Bahari Moja, a community-based organization, is piloting a model engaging women and youth in the collection, sorting and conversion of materials into saleable products such as eco-bricks and crafts, or HDPE*, PET* and flip-flops as raw materials for external markets. This creates a circular economy whilst improving human and environmental health.
Bahari Moja beach cleanup
Bahari Moja eco-brick mud casing
Bahari Moja – eco-brick construction
Nai Nami (‘Nairobi na mimi’ - Nairobi and me) is a group of former street children who have come together to share with tourists (and residents) the flip side of the safari scene.
As the city's best storytellers, guides Donga, Kissmart, Cheddaz, Mrembe and Priest, who come from Mathare, one of Nairobi’s biggest slums, accompany you on a city tour. All of them dropped out of primary school and raised themselves on the streets.
NaiNami story tellers
They let you experience their former “home” by inspiring you with their life stories, showing you how they survived through begging and hustling. They will also teach you their street skills and give you the real insights. Even more important, they share with you how they have transformed their lives and nowadays are trying to improve the situation of their families and friends.

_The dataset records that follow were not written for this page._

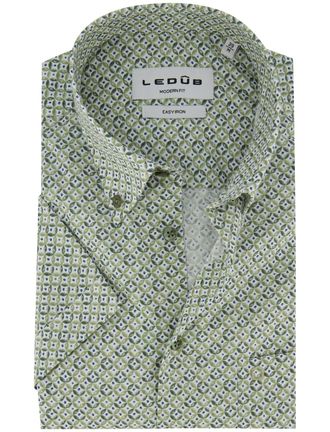 Led&ucirc;b Modern fit groen geprint overhemd Ledub 100% katoen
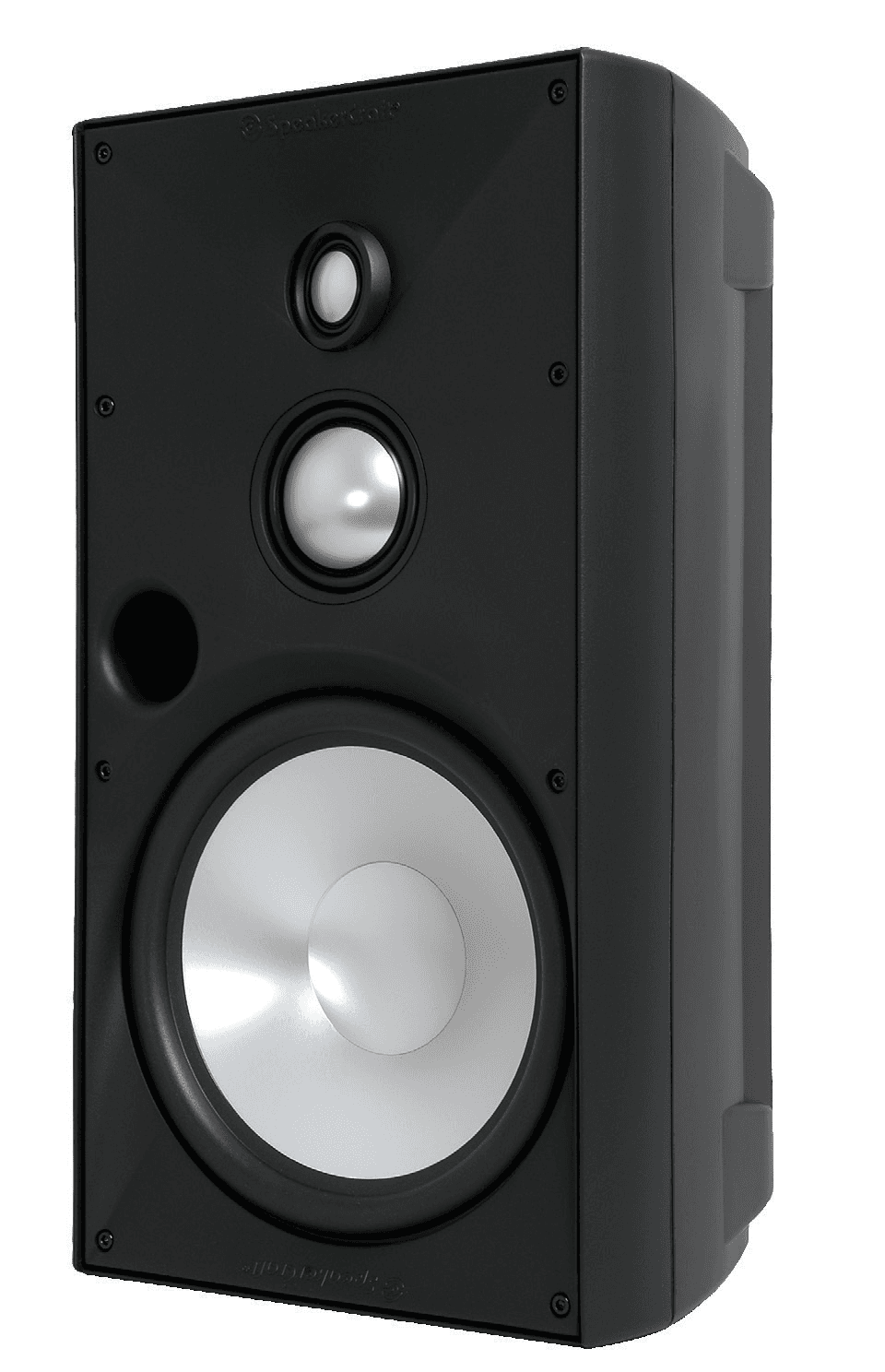 Black outdoor speaker with silver woofer and tweeter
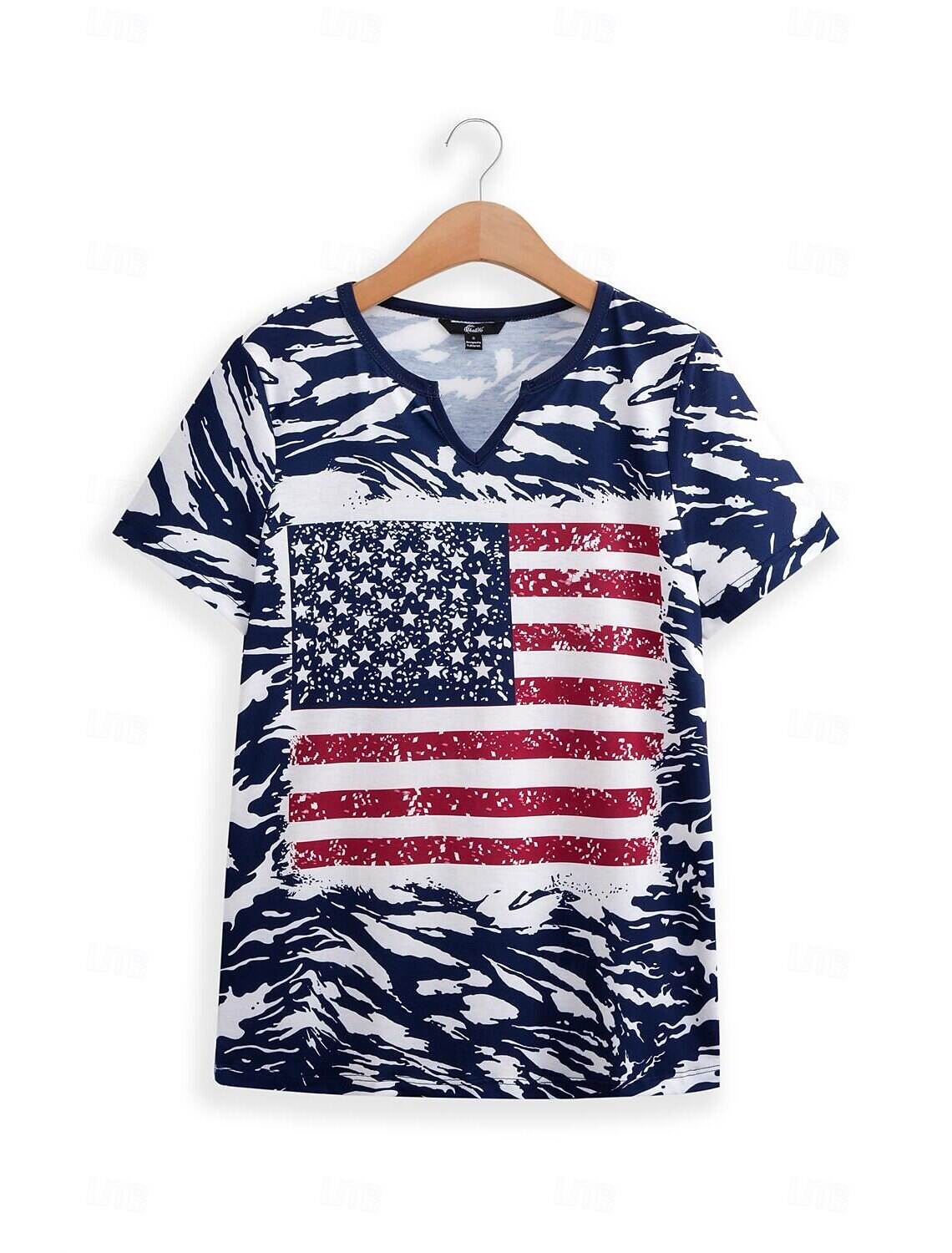 Women's Tank Top Flag Independence Day Sleeveless Sleeveless V Neck Daily Summer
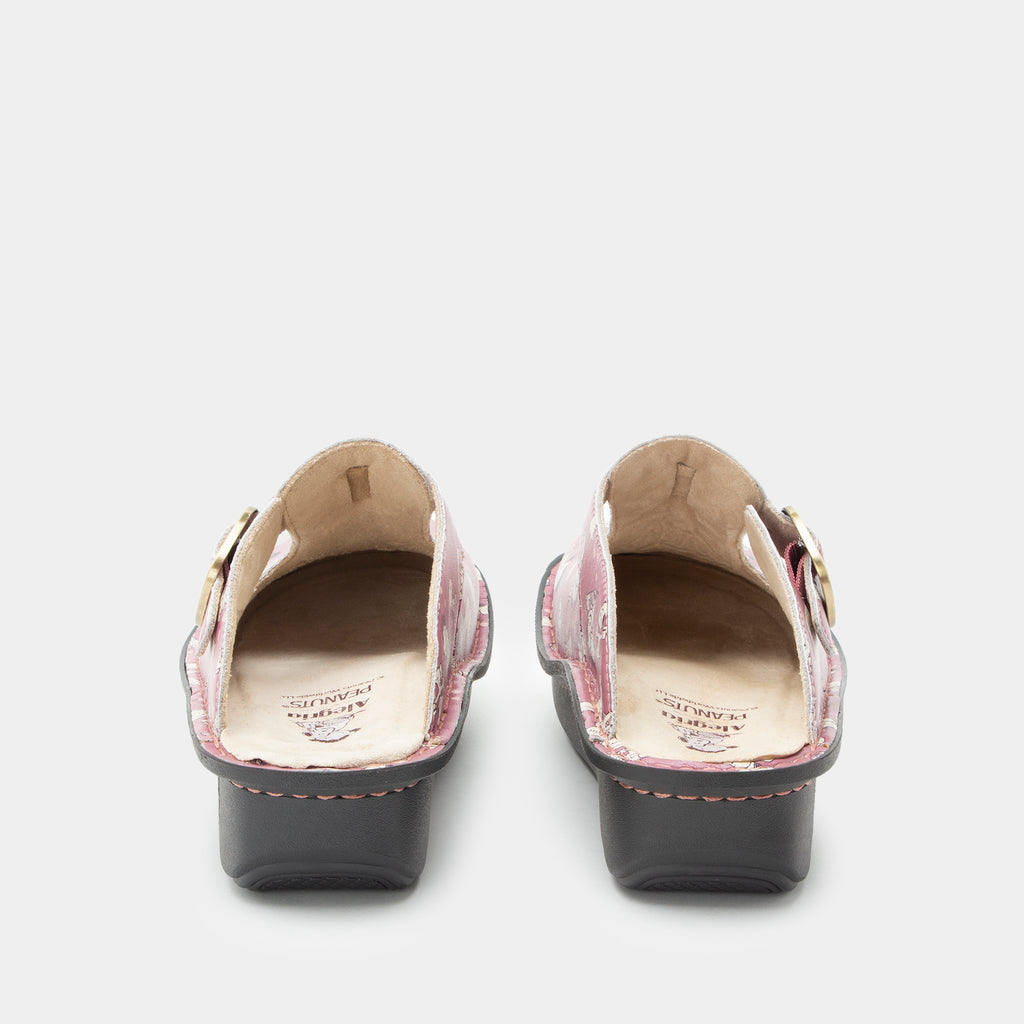 Classic Rose Snuggles Back view of a pink clog featuring Peanuts®  character doodle on a Classic rocker outsole- showing tan suede footbed and lining of open back clog.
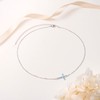 DAOCHONG S925 Sterling Silver Jewelry Sideways Cross Created Turquoise Choker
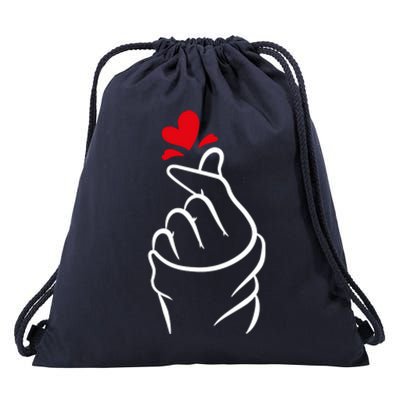 Korean Finger Heart, Korean Love Gift, Cute Korean Heart T, K Pop S Drawstring Bag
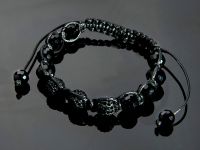 Stylisches SHAMBALA Armband 16-22 cm Schwarz mit Pav Perlen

Memories are selective, and globally bad news seems to dominate. This has inspired the community of Lamu to come together to show their true spirit, and move the narrative forward from unsettling times 11 years ago.
Shela at dawn, Lamu
Events such as the New Year’s Day dhow boat race bring to the forefront the skill required in sailing these extraordinary traditional boats; while the Shela Silly Hat Contest shows their ingenuity and creativity, and provides lots of fun.
Dhow race finish line
Silly Hat contest photo credit Gabriela Trzebinski
We are fortunate to be able to leave the Tuscan winter behind us and to head to Kenya just when the rains should be finishing and the sun coming out, not that weather is the defining criteria.
While Italy allows you to soak up centuries of history, through its architecture and deeply embedded traditions, Kenya presents a growing middle-class, with youth aspiring to make changes. Witnessing, and sometimes participating in these processes accounts for much of the lure of Kenya, along with enjoying the wilderness and more remote parts of the country.
Samuru fashion! – photo credit Leah Simmons Wood
Kitisch Forest, Matthews Range
A recent gift ‘Two houses in One’ encapsulates the importance each place represents to us.
Two houses in One
1* High Density Polyethylene (HDPE) is a type of commonly produced plastic made from ethylene and having a relatively high density, used chiefly for plastic bottles, piping, and replacement of wood.
2* Polyethylene terephthalate (PET) is a form of polyester. PET bottles and containers have been safely used to package beverage, food, personal care and household items since the introduction of the first PET bottle in the 1970s.